Verify many proofs against one VK (Groth16)

Section titled “Verify many proofs against one VK (Groth16)”

Parse the VK once, reuse it:

let vk = zkmcu_verifier::parse_vk(&vk_bytes)?;
for (proof_bytes, public_bytes) in batch {
let proof = zkmcu_verifier::parse_proof(&proof_bytes)?;
let public = zkmcu_verifier::parse_public(&public_bytes)?;
if zkmcu_verifier::verify(&vk, &proof, &public)? {
// accept
}
}

Identical shape for zkmcu_verifier_bls12. STARK doesn’t need this step because there’s no VK to parse.

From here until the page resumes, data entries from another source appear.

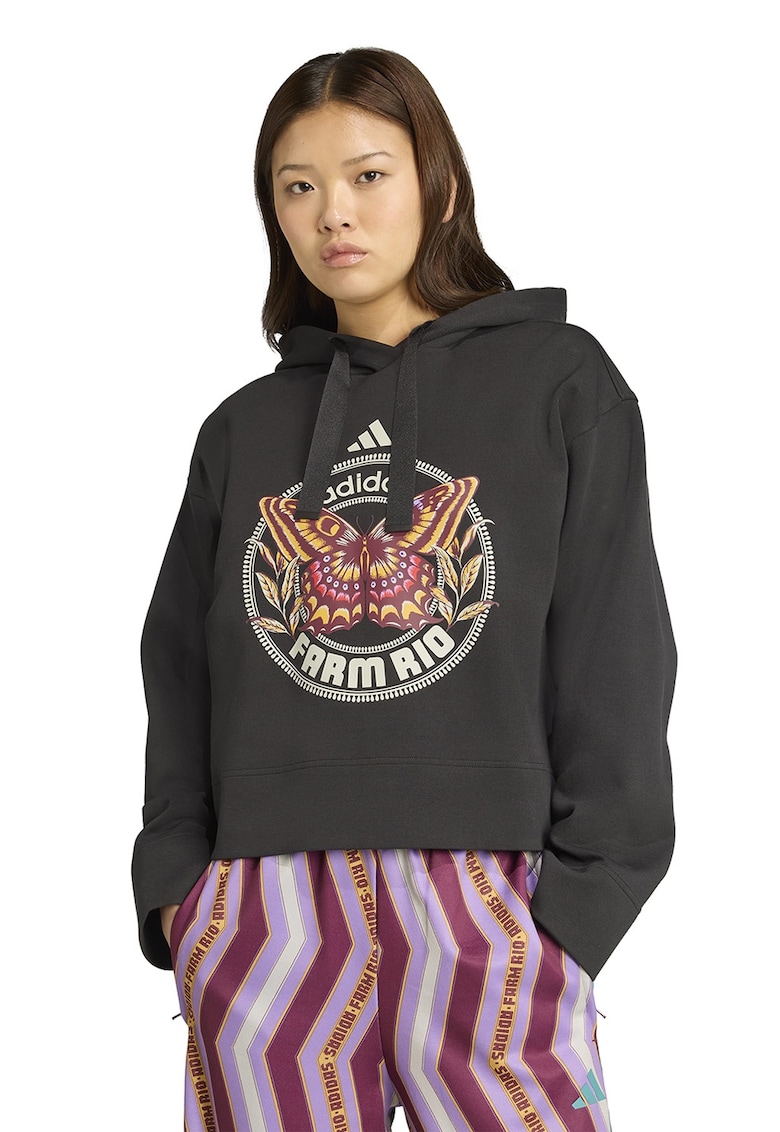 Hanorac lejer cu imprimeu si maneci cazute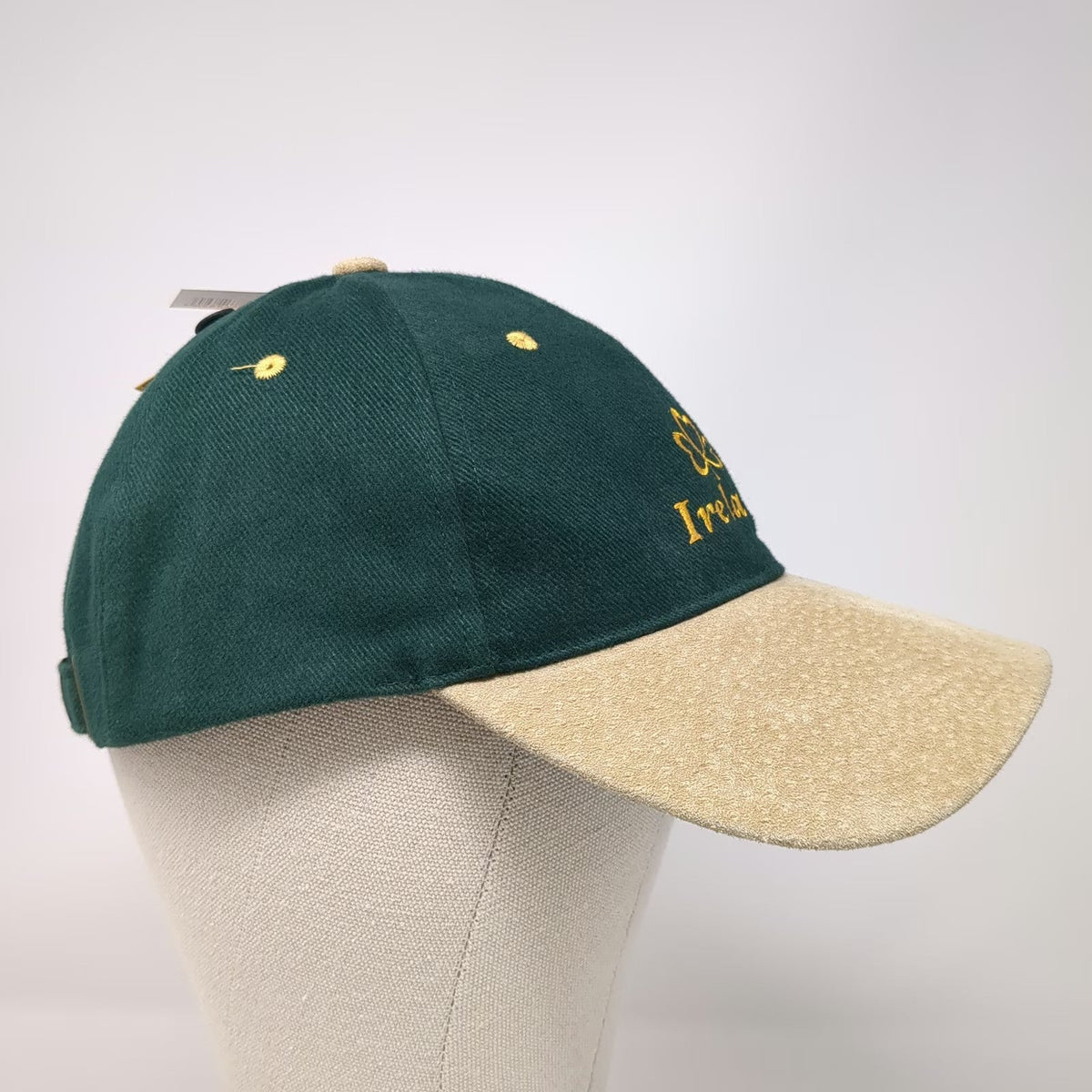 Allcraft Baseball Cap Green Beige Gold One Size Ireland Shamrock Suede Brim hat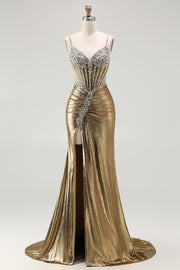Metallic Golden Beaded Mermaid Corset Long Prom Dress with Slit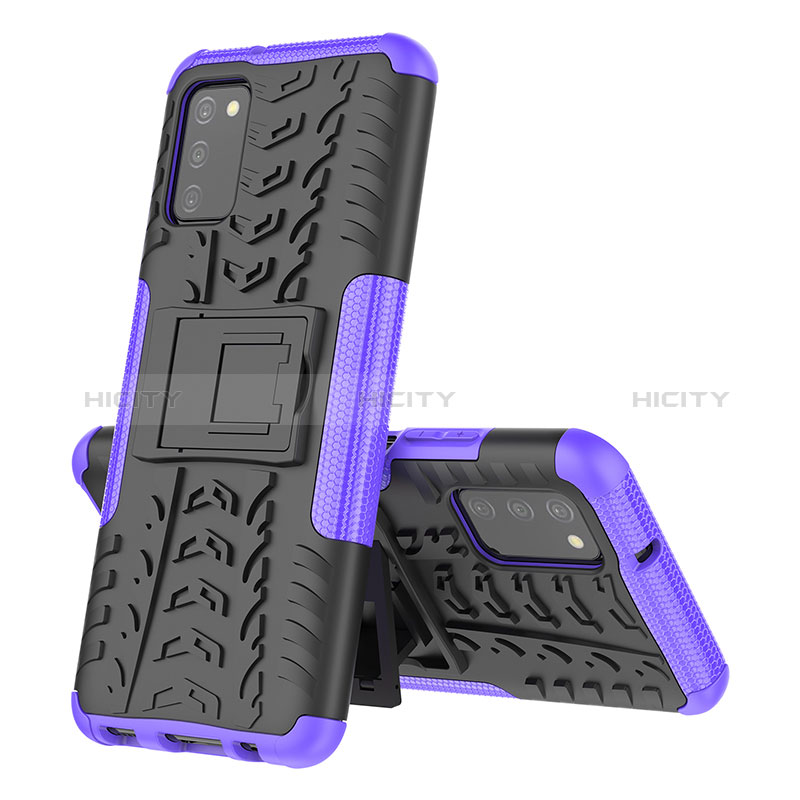 Custodia Silicone e Plastica Opaca Cover con Supporto JX4 per Samsung Galaxy A02s Viola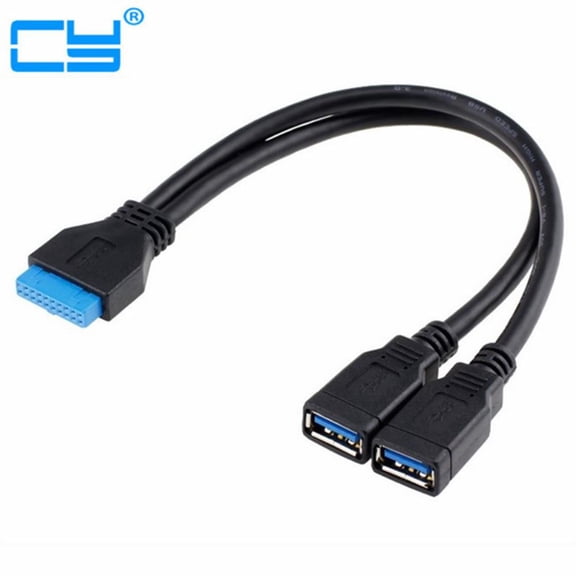 USB 3.0 20Pin Female To Double A Female USB3.0 Cable 20p F To AF 0.25m 0.8ft 5Gbps Support USB 2.0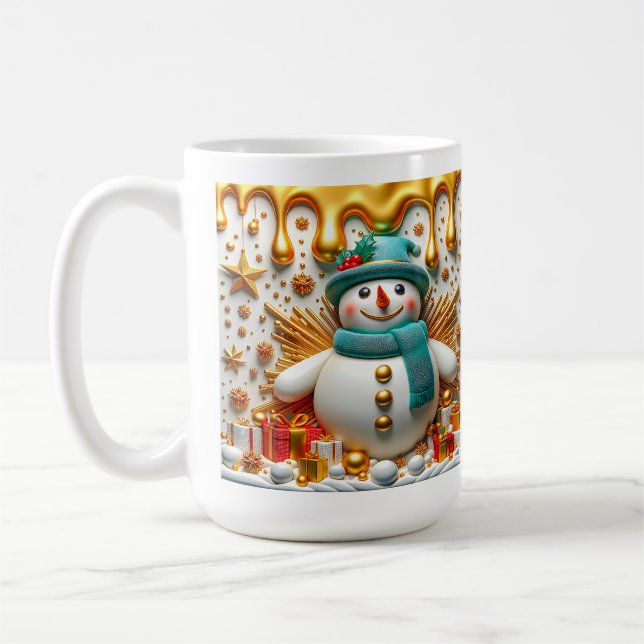 Caneca De Café Presentes de Natal em 3D Boneco de Neve (Esquerda)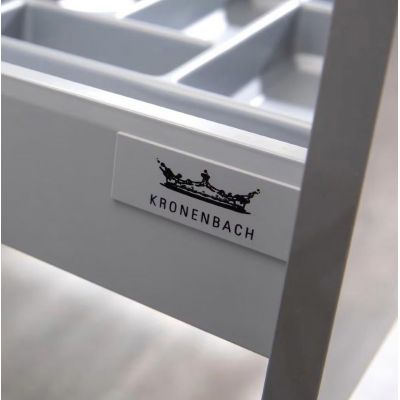 Kronenbach Cube szafka z blatem 121x48,7x44,5 cm podumywalkowa wisząca biały połysk-jasny dąb KBWTKOWTL1213WHGH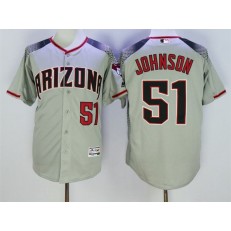 MLB Arizona Diamondbacks 51 Randy Johnson Retired Home Gray Brick 2016 Flexbase Majestic Baseball Men Jersey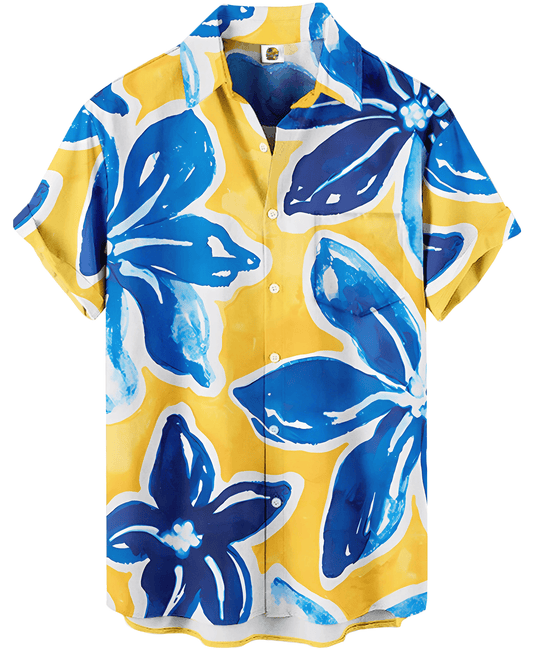 Blue and Yellow Floral Hawaiian Shirt – Tropical - Moonbestprint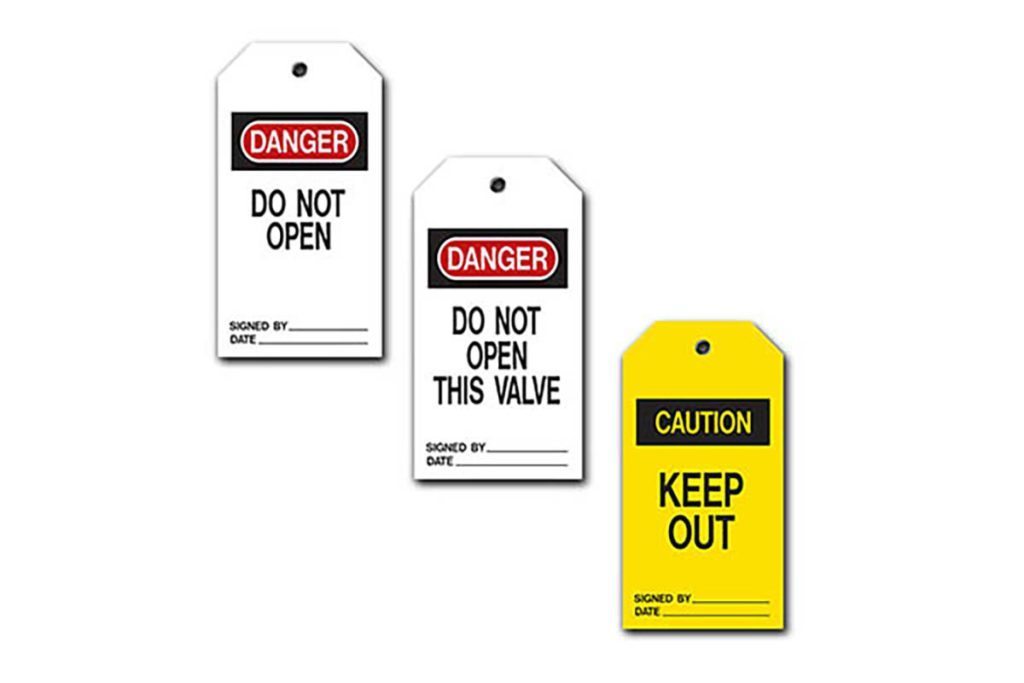 MSA accident prevention tags on equipment for lockout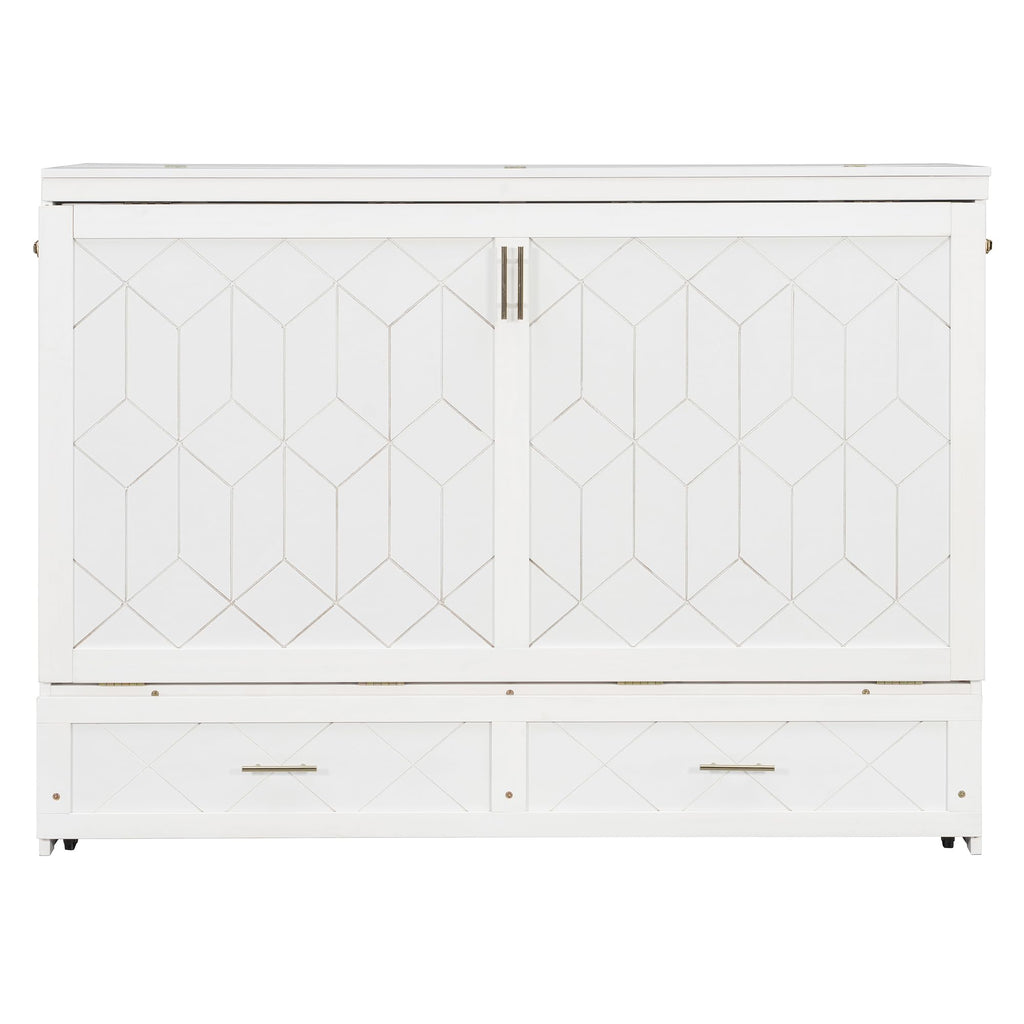 Merax Queen Size Murphy Cabinet Bed with Storage Drawers, Wall Murphy Bed with a Set of Sockets & USB Ports, Folding Platform Bed for Small Room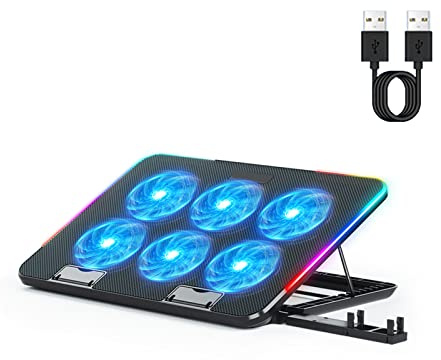 Jazuaiao Laptop Cooler Cooling Pad Notebook Gaming Cooler Stand with 6 LED Fan 2 USB Ports Phone Holder for 15.6in Mat Tray Notebook Base Platform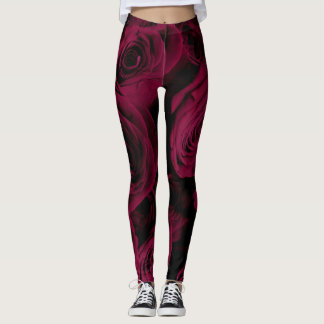 Legging Rosas vermelho-escuro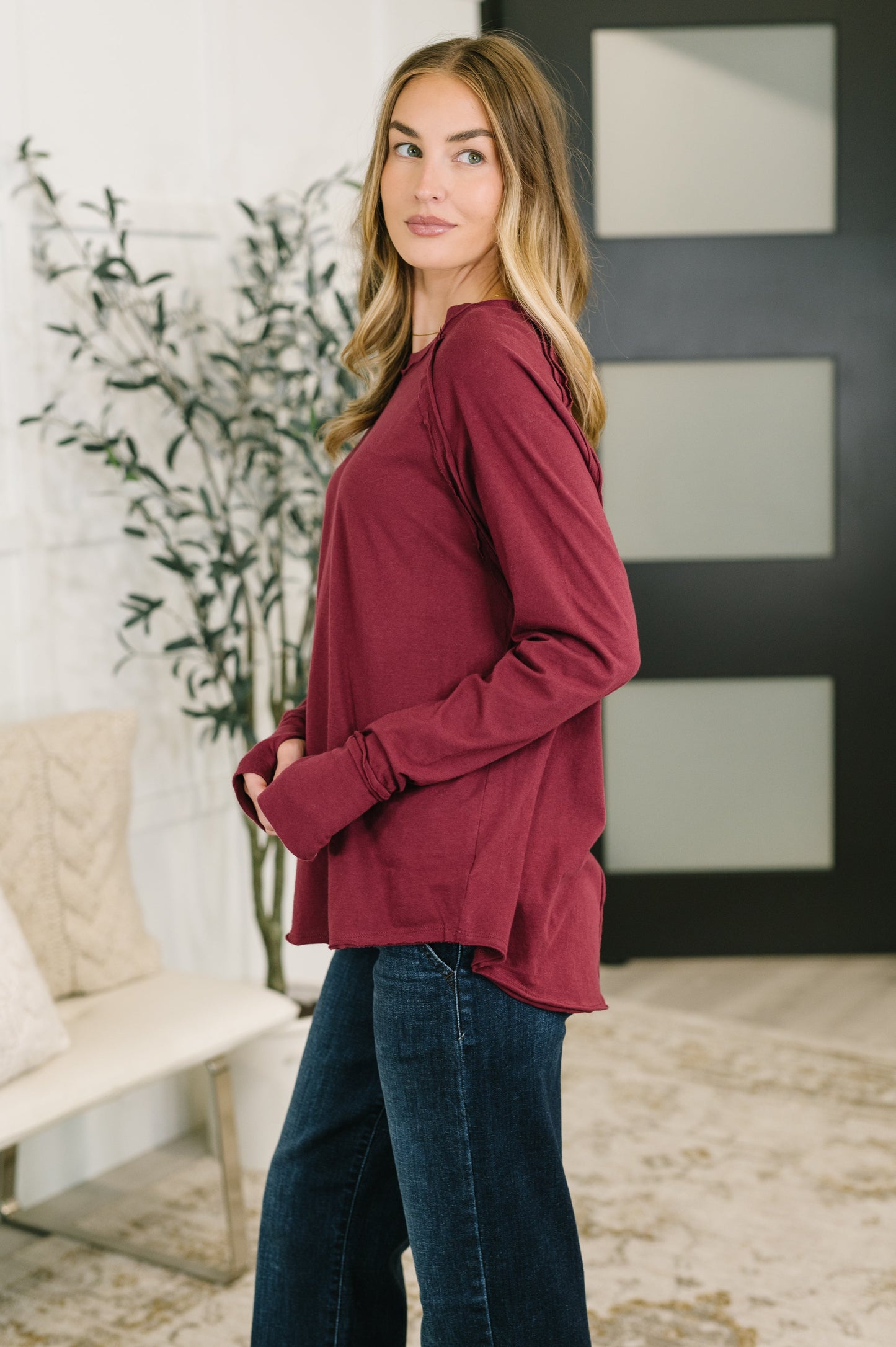Nice to Each Other Raglan Sleeve Top in Cabernet
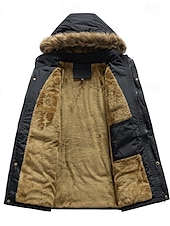 preiswerte Daunenjacken &amp; Parkas für Herren-Herren Wintermantel puffer jacket Fleecejacke Gefütterte Jacke Tasche Polyester Urlaub Freizeitskleidung Verabredung Standard Modisch Brautkleider schlicht Komfortabel warm Herbst Winter Solide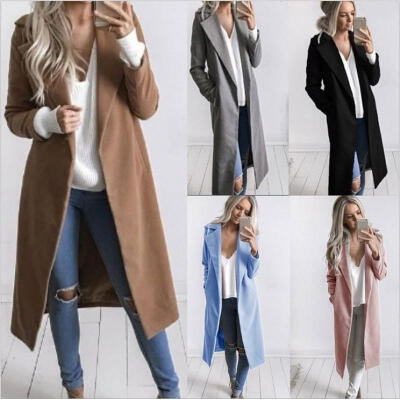 

Women Winter Warm Wool Lapel Trench Parka Coat Jacket Long Slim Overcoat Outwear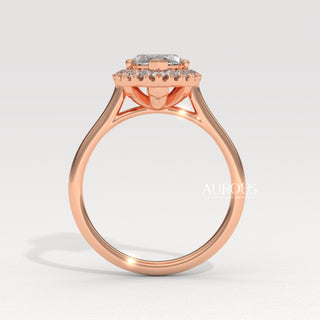 2.0CT Marquise Cut Halo Setting Moissanite Engagement Ring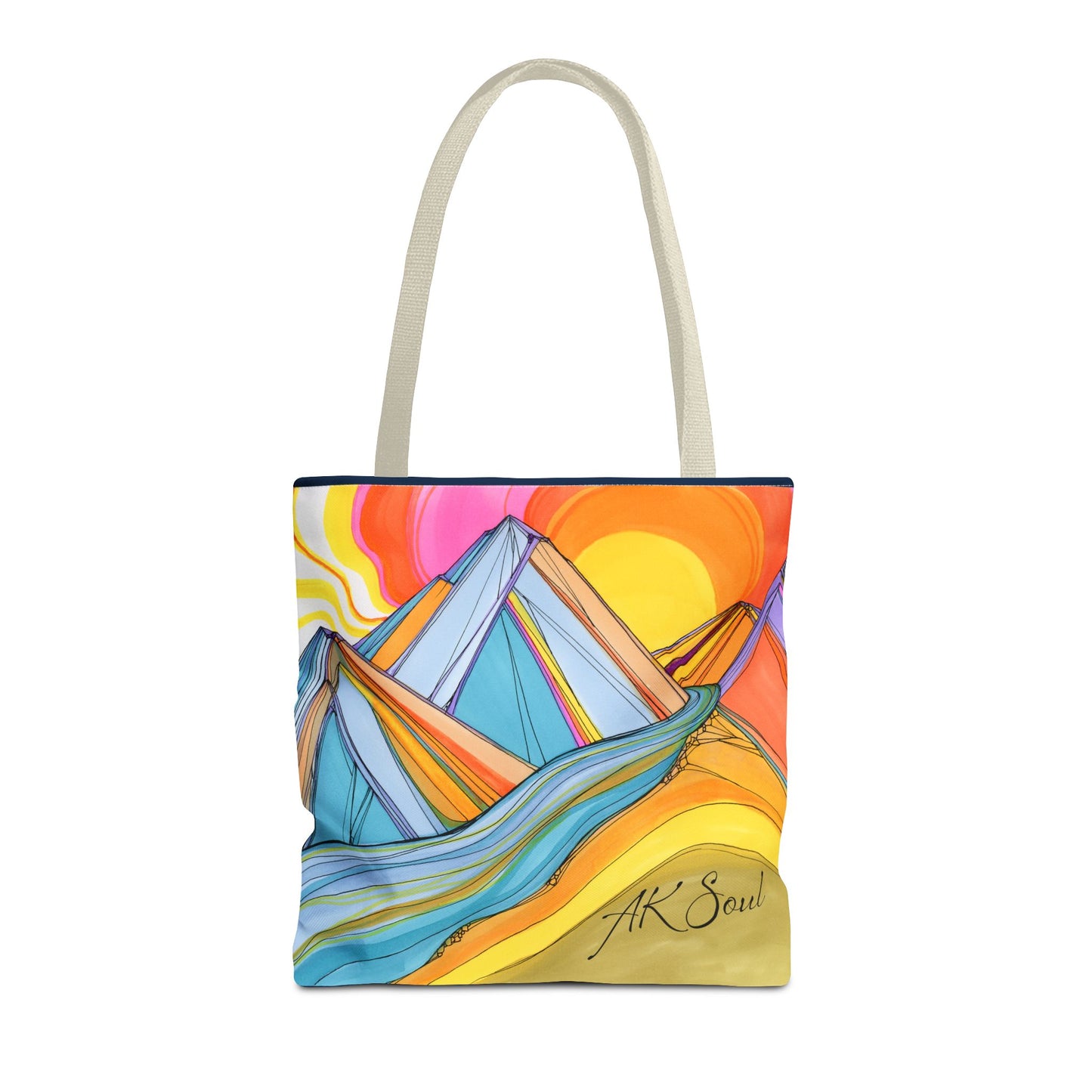 Colorful Mountain Sunset Tote Bag — Vibrant Abstract Landscape AOP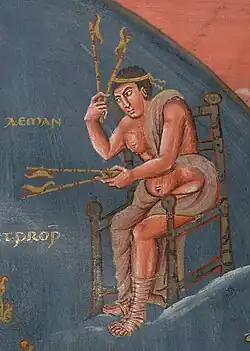 9th century A.D., Carolingian Empire. Aeman playing crotals, showing a blending of ancient traditions in the medieval period; in the Carolingian Renaissance, the Roman cymbala cymbals were attached to "forked sticks" to make the crotals.[8][9]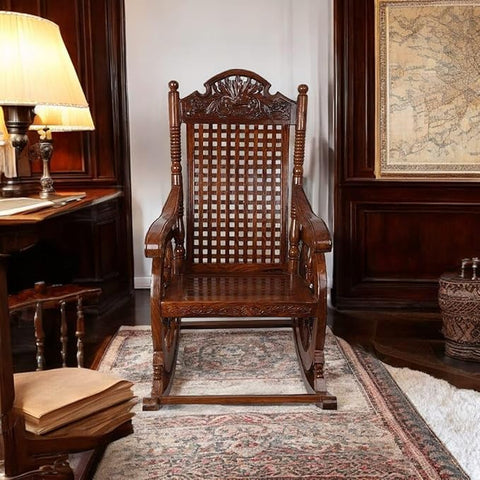 Antique Wheel-Design Wooden Rocking Chair for Relaxation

For development you’ll need proofs to verify against. The zkmcu-host-gen binary churns out wire-format test vectors:

Terminal window
cargo run -p zkmcu-host-gen --release # all systems, default vectors
cargo run -p zkmcu-host-gen --release -- bn254 # BN254 only
cargo run -p zkmcu-host-gen --release -- bls12-381 # BLS12-381 only
cargo run -p zkmcu-host-gen --release -- stark # Winterfell Fibonacci STARK

Writes crates/zkmcu-vectors/data/<name>/{vk,proof,public}.bin (STARK has no vk.bin, the AIR is the invariant). Vectors that ship by default:

  • square, 1 public input (BN254 + BLS12-381, two copies of the same circuit)
  • squares-5, 5 public inputs, small-scalar (BN254 + BLS12-381)
  • semaphore-depth-10, real Semaphore Groth16 proof, 4 public inputs, BN254 only. See Semaphore page for the generator pipeline
  • stark-fib-1024, Fibonacci STARK at FieldExtension::Quadratic, 95-bit conjectured security

For production use, generate proofs with wichever prover your application already uses. Any Ethereum-compatible BN254 Groth16 prover outputs EIP-197 bytes, any BLS12-381 prover outputs EIP-2537, any winterfell-based prover outputs bytes that zkmcu-verifier-stark reads directly (as long as your AIR definition matches on both sides).

Six reference firmware crates ship in the repo. Pick wichever matches your proof system + ISA combo:

Proof systemCortex-M33Hazard3 RV32
BN254 Groth16bench-rp2350-m33bench-rp2350-rv32
BLS12-381 Groth16bench-rp2350-m33-bls12bench-rp2350-rv32-bls12
STARKbench-rp2350-m33-starkbench-rp2350-rv32-stark

Each one brings up the clocks, inits a heap, parses baked-in test vectors via include_bytes!, runs verify, and spits cycle counts over USB-CDC serial. Crypto source is byte-for-byte the same across firmware, only linker scripts and cycle-counter reads change per ISA.

  • no_std Rust toolchain (stable, rustc 1.82 or newer)
  • A global allocator (TlsfHeap or LlffHeap, see table above)
  • About 100 KB of SRAM during verify for any of the three systems on Cortex-M33. All three fit on any 128 KB SRAM-class MCU, so nRF52832, STM32F405, Ledger ST33, Infineon SLE78 all work
  • About 75-200 KB of flash depending on the proof system (BN254 is lightest, winterfell is heaviest because it pulls in multiple winter-* sub-crates)

See benchmarks for the actual measured numbers on a $7 Pico 2 W.